NEWS

EXTRACT’s monitoring platform: The infrastructure behind the use cases

Date: October 07, 2024

The EXTRACT project is an innovative project with two different use cases with the same challenge of integrating data for actionable knowledge. Despite their differences, both of the use cases, the Personalized Evacuation Route and the Transient Astrophysics with a Square Kilometre Array Pathfinder (TASKA) rely on distributed nodes within the Edge to Cloud Continuum. Ensuring the EXTRACT platform functions properly requires knowing the status of these nodes, a task addressed by the monitoring platform developed by Ikerlan.

The EXTRACT platform comprises a wide range of heterogeneous nodes, from powerful Cloud-based nodes, in which complex AI models can be trained and where enormous amounts of data can be stored, to resource-constrained devices, smaller than our day-to-day smartphones.

The two main goals of EXTRACT’s monitoring platform are to:

  • Ensure that all these nodes are working according to the specified functional and non-functional requirements, and
  • To keep track of the availability of the computing and storing resources they provide.

To reach these goals, it is crucial to identify the most relevant metrics to be collected, such as nodes´ available CPU and memory usage. Monitoring the energy consumption of the nodes is also important, so metrics related to energy usage patterns will be tracked.

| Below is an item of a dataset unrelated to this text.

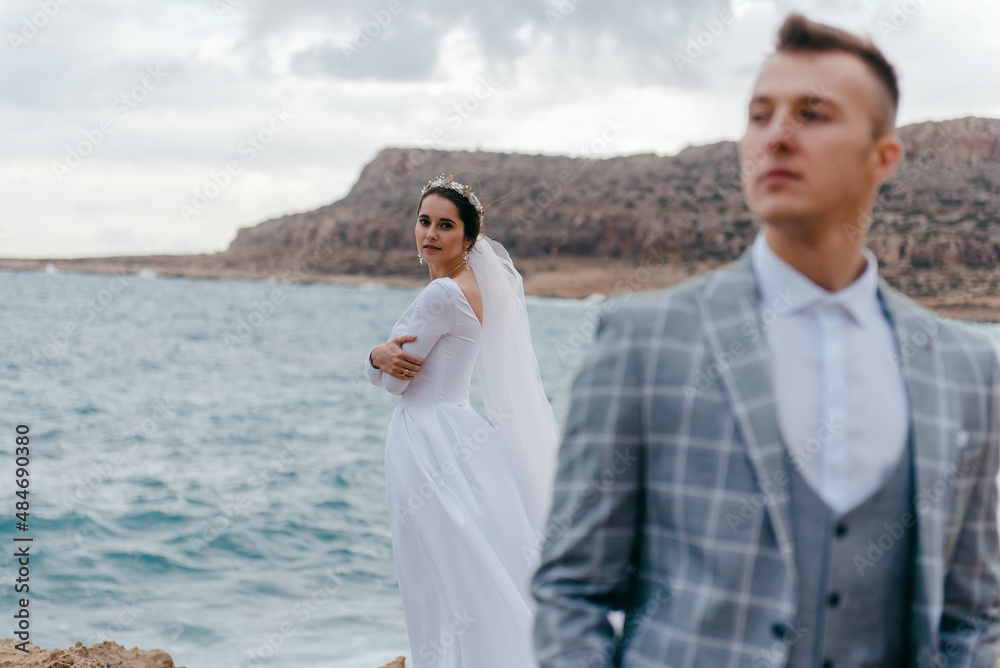 Portrait of happy newlyweds, bride and groom, standing on a rocky shore near the sea. A wonderful young couple Portrait of happy newlyweds, bride and groom, standing on a rocky shore near the sea. A wonderful young couple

The IKERLAN-developed monitoring platform can do this and support the instrumented codebase to gather application-specific performance indicators, traces and logs. All this valuable data is stored in time-series databases using Prometheus, which provides multiple exporters and libraries that facilitate collecting information from many third-party systems, such as NVIDIA boards featuring GPUs. Storing this information fuels two core functionalities of the EXTRACT platform.

On the one hand, the data scraped from the nodes in the compute continuum is consumed by EXTRACT’s workflow deployment and scheduling mechanisms, composed of two layers: an Infrastructure layer and an Application layer. First, the Infrastructure layer allocates some computing resources among the available ones, and then the Application layer will orchestrate the application components and tasks within the resources provided.

Figure 1 Monitoring Architecture diagram

The monitoring platform provides up-to-date information of the underlying Edge to Cloud continuum for both layers, enabling informed and intelligent scheduling and deployment decisions. For that, Ikerlan has developed and integrated an API that enables retrieving metrics and serving them to COMPS seamlessly.

On the other hand, a graphical representation of this data is also provided to enable infrastructure administrators to monitor its state. These graphical charts rely on Graphana and allow detecting abnormal behavior of the infrastructure or the applications running on it in a fraction of the time it would require them to inspect the raw data.

Figure 2  Monitoring Dashboard example

EXTRACT’s monitoring platform will keep evolving, including additional metrics such as communications network-state related ones. A key focus of future work will be monitoring and managing multicluster solutions through the proper definition of data-scraping and database federation approaches.